Da quassù invece, si
sperimentano fugaci ed intensi contatti con l’Assoluto e si ricava una nuova (ma
in realtà arcana) prospettiva nella quale non c’è più spazio per le cose
frivole: la nostra corsa incontro alla morte è una cosa davvero priva di
importanza se confrontata con la vastità del meccanismo cosmico, la minima parte
del quale è intuibile da questa cima.
Oggi su
questa vetta ho ricevuto in dono un pensiero che ho tradotto in questa
poesia:
IN VETTA
Quanta fatica per guarirsi
il Cuore,
Quanti passi, quanti
respiri.
Da quassù non vedo confini,
né trincee, né bandiere.
E gli uomini son piccola
cosa.
Da quassù vedo un’Unica,
Saggia Madre,
E gli uomini son tutti
figli, non padroni.
Dopo un po’
di paradiso ci rendiamo nuovamente conto di appartenere al
mondo e i pensieri ricominciano a scorrere ordinatamente come vagoncini sulle
rotaie: gli impegni per cena, la discesa, il rientro, il traffico… dobbiamo
andare.
Iniziamo la faticosa discesa lentamente, assaporando bene
fino in fondo questi passi, perché è difficile lasciare questi luoghi così
alieni e meravigliosi che sono le cime; se potessi farei i
capricci. Incontriamo un escursionista, (o meglio, un merendero d’alta quota)

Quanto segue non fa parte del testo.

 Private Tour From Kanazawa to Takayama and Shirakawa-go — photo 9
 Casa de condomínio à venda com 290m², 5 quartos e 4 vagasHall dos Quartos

in difficoltà, a cui cedo uno dei miei bastoncini perché ha male a un ginocchio
e i suoi passi non sono affatto stabili. E’ vestito con jeans, camicia e
giubbotto di jeans e ai piedi ha delle scarpe tipo Timberland… Sono
costretto a riflettere su chi dei due sia più stupido: lui che ha raggiunto
senza problemi la vetta senza armamentari e precauzioni o io che ogni volta mi
carico il necessario per il soccorso, per l’orientamento, per la fame, per il
freddo e per la pioggia per giungere nello stesso luogo con il doppio della
fatica ! Certo è che chi va in montagna così come si trova, si affida
completamente alla buona sorte e questa non è mai garantita: talvolta gli eventi
imprevisti ma prevedibili selezionano separando crudelmente chi è preparato da
chi non lo
è. Comunque trovo che si debba avere rispetto per il luogo
che si sta attraversando e dedicargli il tributo che merita anche attraverso il
riconoscimento della sua potenziale pericolosità.
Questi
pensieri mi accompagnano fino al lago, dove la nebbia è quasi
svanita e la scena è degna di una cartolina. Sulla parete Ovest della
Cristalliera c’è qualcuno che arrampica ed altri che salgono all’attacco di
qualche via, mentre dalla parte opposta, al di là della piccola conca, il nulla, il vuoto la fa da padrone
nella nebbia abbagliante che delimita il pianoro su cui ci troviamo.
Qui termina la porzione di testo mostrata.